Residuals over fitted values shows a heavy U-shaped graph. This indicates a poor fit for a simple linear regression in the higher fitted values.

Studentized residuals over fitted values shows a U-shaped graph and heavy outliers with a >3 studentized residual value. This indicates an underfit.

Studentized residuals over leverages shows many values for leverages over (p+1)/n = (8+1)/392 = 0.02 here. This indicates a poor fit especially for outliers (duh) -> Better to use some quadratic function for fitting.

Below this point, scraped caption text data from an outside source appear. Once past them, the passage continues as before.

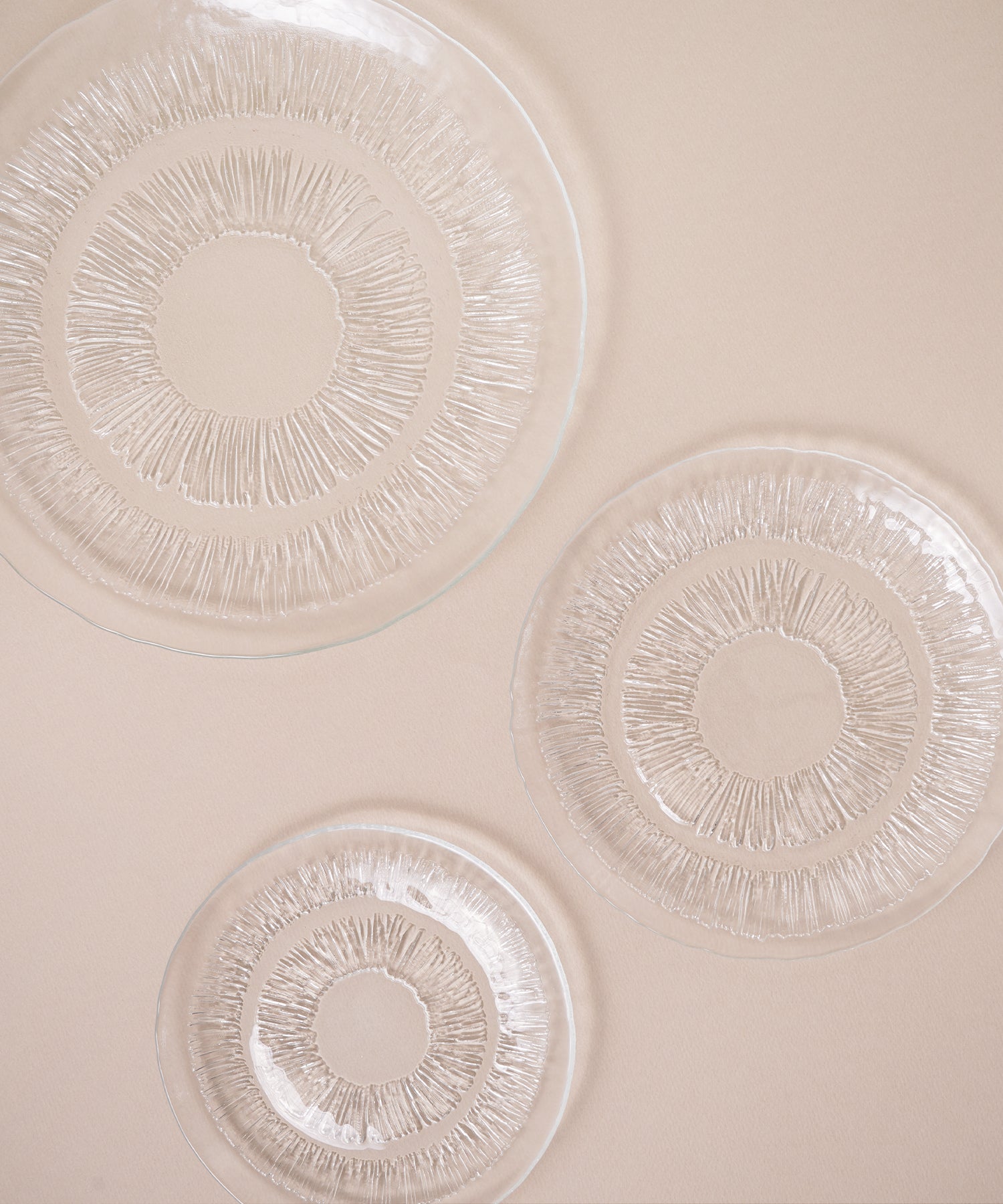 ポルチーニ プレート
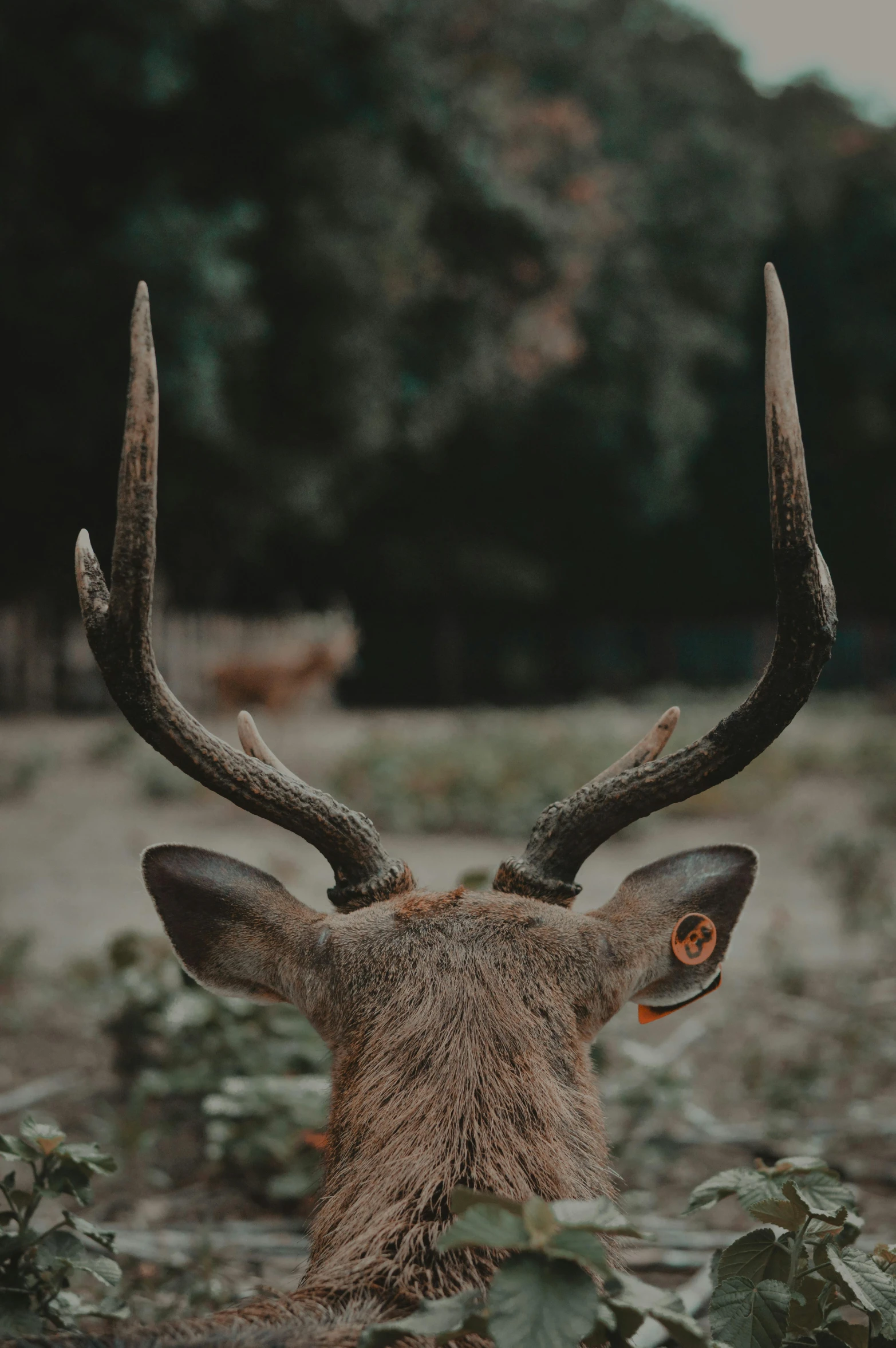 a deer with large horns standing in a field, pexels contest winner, realism, back of head, fps view, head macro, smart looking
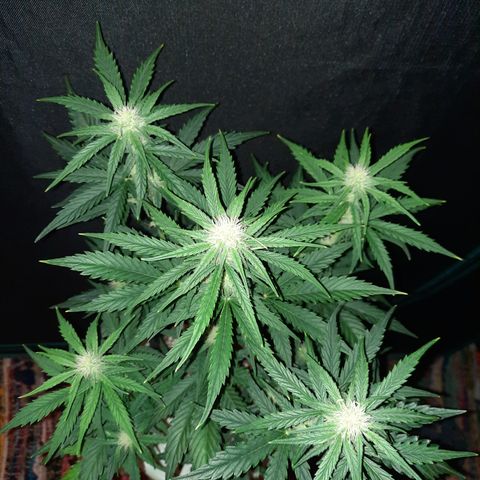 Raoul's Poison growlog timeline photo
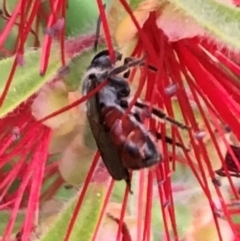 Lasioglossum (Parasphecodes) sp. (genus & subgenus) at Dunlop, ACT - 17 Mar 2024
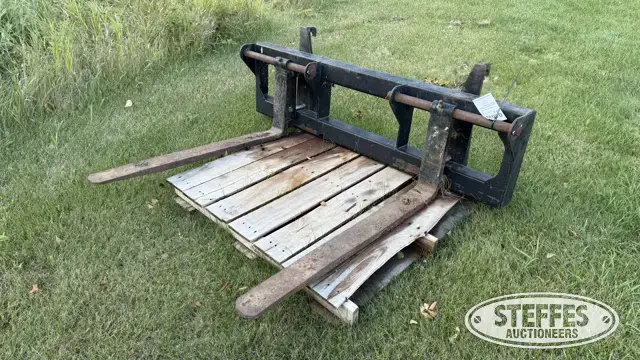 Loader forks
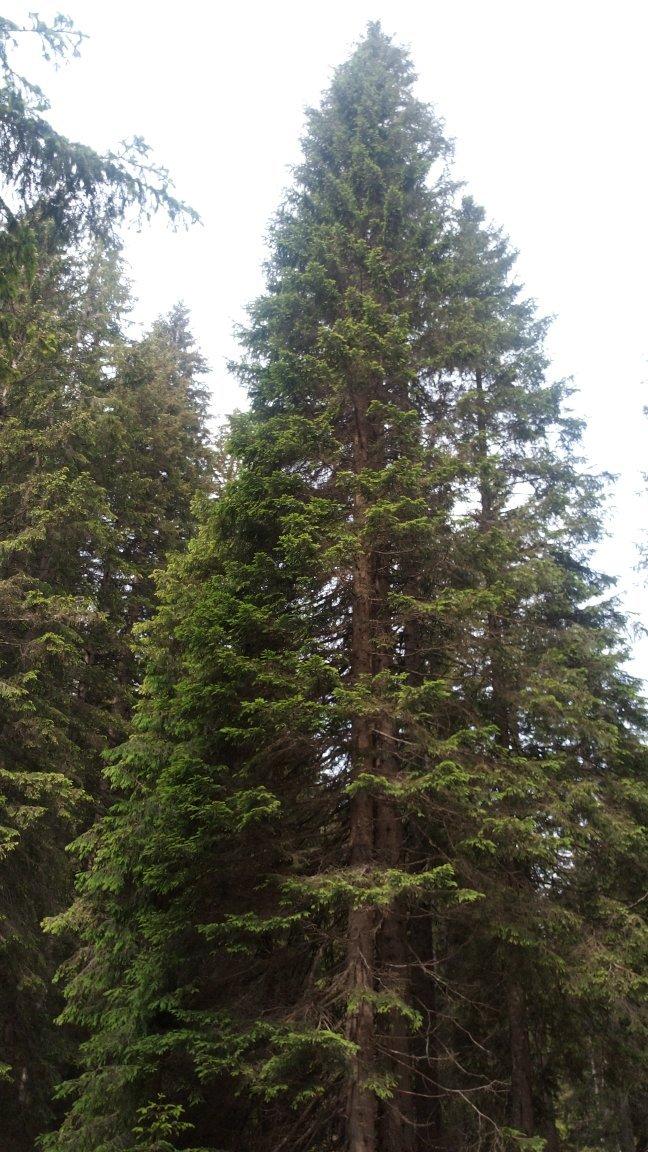 Centro visitatori di Paneveggio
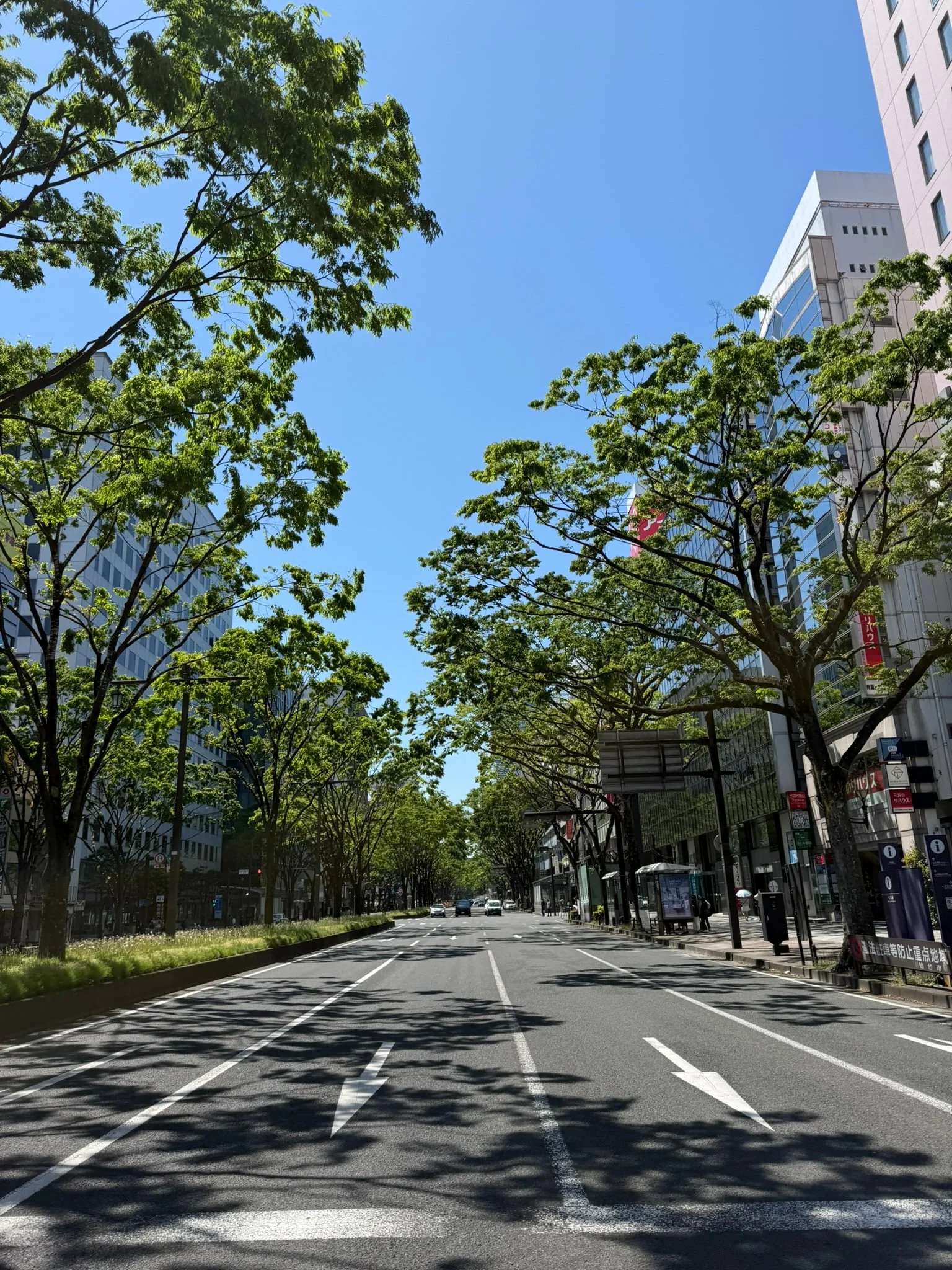 Sendai photo 6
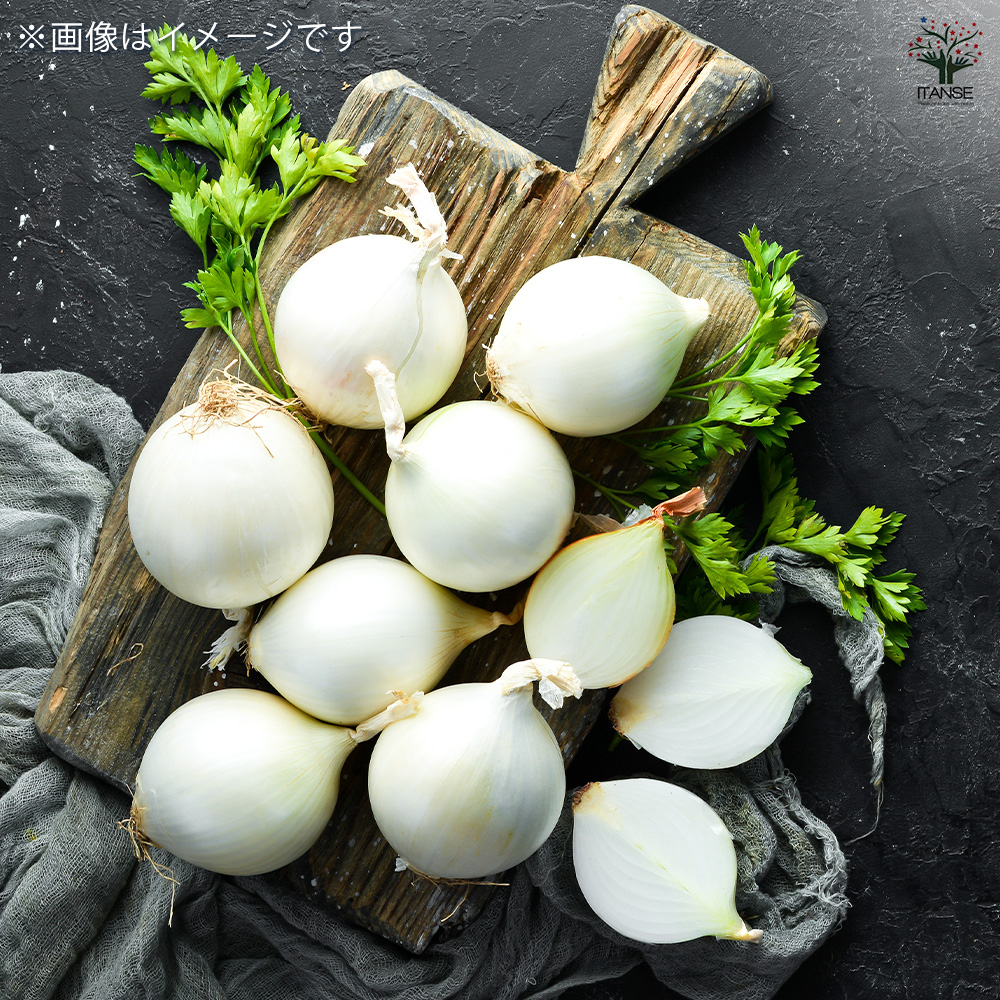玉ねぎの苗 白玉ねぎ 野菜の苗 3.5号/1個売り ねぎ苗 ネギ 葱 玉ねぎ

f) Fit linear regression models with interaction effects. Do any interactions appear to be statistically significant? Use the example:
$\text{mgp} = \beta_0 + \beta_1\cdot\text{weight} + \beta_2\cdot\text{year} + \beta_3\cdot (\text{weight}\cdot \text{year})$ 

In [ ]:
auto_df['weight*year'] = auto_df.weight*auto_df.year
X_interaction = sm.add_constant(auto_df[['weight', 'year', 'weight*year']])
y = auto_df.mpg

model = sm.OLS(y,X_interaction)
estimate = model.fit()
print(estimate.summary())


g) Try a few different transformation of the variables, such as:

i) Add a $\text{weight}^2$ variable variable to the model of task f).

In [ ]:
auto_df['weight^2'] = auto_df.weight**2
X_interaction = sm.add_constant(auto_df[['weight', 'weight^2', 'year', 'weight*year']])
y = auto_df.mpg

model = sm.OLS(y,X_interaction)
estimate = model.fit()
print(estimate.summary())

# Obtain the residuals, studentized residuals and the leverages
fitted_values = estimate.fittedvalues
residuals = estimate.resid.values
studentized_residuals = OLSInfluence(estimate).resid_studentized_internal
leverages = OLSInfluence(estimate).influence

# Plot
fig, (ax1, ax2, ax3) = plt.subplots(1,3,figsize=(16,4))
ax1.scatter(fitted_values, residuals, facecolor='none', edgecolor='b')
ax1.set_xlabel('fitted values')
ax1.set_ylabel('residuals')

# Studentized Residuals
ax2.scatter(fitted_values, studentized_residuals, facecolor='none', edgecolor='b')
ax2.set_xlabel('fitted values')
ax2.set_ylabel('studentized residuals')

# Leverages
ax3.scatter(leverages, studentized_residuals, facecolor='none', edgecolor='b')
ax3.set_xlabel('leverages')
ax3.set_ylabel('studentized_residuals')

ii) Add a $\text{weight}^{\frac{1}{2}}$ variable to the model of task f).

In [ ]:
auto_df['weight^0.5'] = auto_df.weight**0.5
X_interaction = sm.add_constant(auto_df[['weight', 'year', 'weight^0.5']])

model = sm.OLS(y,X_interaction)
estimate = model.fit()
print(estimate.summary())

fitted_values = estimate.fittedvalues
residuals = estimate.resid.values
studentized_residuals = OLSInfluence(estimate).resid_studentized_internal
leverages = OLSInfluence(estimate).influence

fig, (ax1, ax2, ax3) = plt.subplots(1,3,figsize=(16,4))
ax1.scatter(fitted_values, residuals, facecolor='none', edgecolor='b')
ax1.set_xlabel('fitted values')
ax1.set_ylabel('residuals')

ax2.scatter(fitted_values, studentized_residuals, facecolor='none', edgecolor='b')
ax2.set_xlabel('fitted values')
ax2.set_ylabel('studentized residuals')

ax3.scatter(leverages, studentized_residuals, facecolor='none', edgecolor='b')
ax3.set_xlabel('leverages')
ax3.set_ylabel('studentized_residuals')

iii) Add a $\log(\text{weight})$ variable to the model of task f).

In [ ]:
auto_df['log(weight)'] = np.log(auto_df.weight)
X_interaction = sm.add_constant(auto_df[['weight', 'year', 'log(weight)']])

model = sm.OLS(y,X_interaction)
estimate = model.fit()
print(estimate.summary())

fitted_values = estimate.fittedvalues
residuals = estimate.resid.values
studentized_residuals = OLSInfluence(estimate).resid_studentized_internal
leverages = OLSInfluence(estimate).influence

fig, (ax1, ax2, ax3) = plt.subplots(1,3,figsize=(16,4))
ax1.scatter(fitted_values, residuals, facecolor='none', edgecolor='b')
ax1.set_xlabel('fitted values')
ax1.set_ylabel('residuals')

ax2.scatter(fitted_values, studentized_residuals, facecolor='none', edgecolor='b')
ax2.set_xlabel('fitted values')
ax2.set_ylabel('studentized residuals')

ax3.scatter(leverages, studentized_residuals, facecolor='none', edgecolor='b')
ax3.set_xlabel('leverages')
ax3.set_ylabel('studentized_residuals')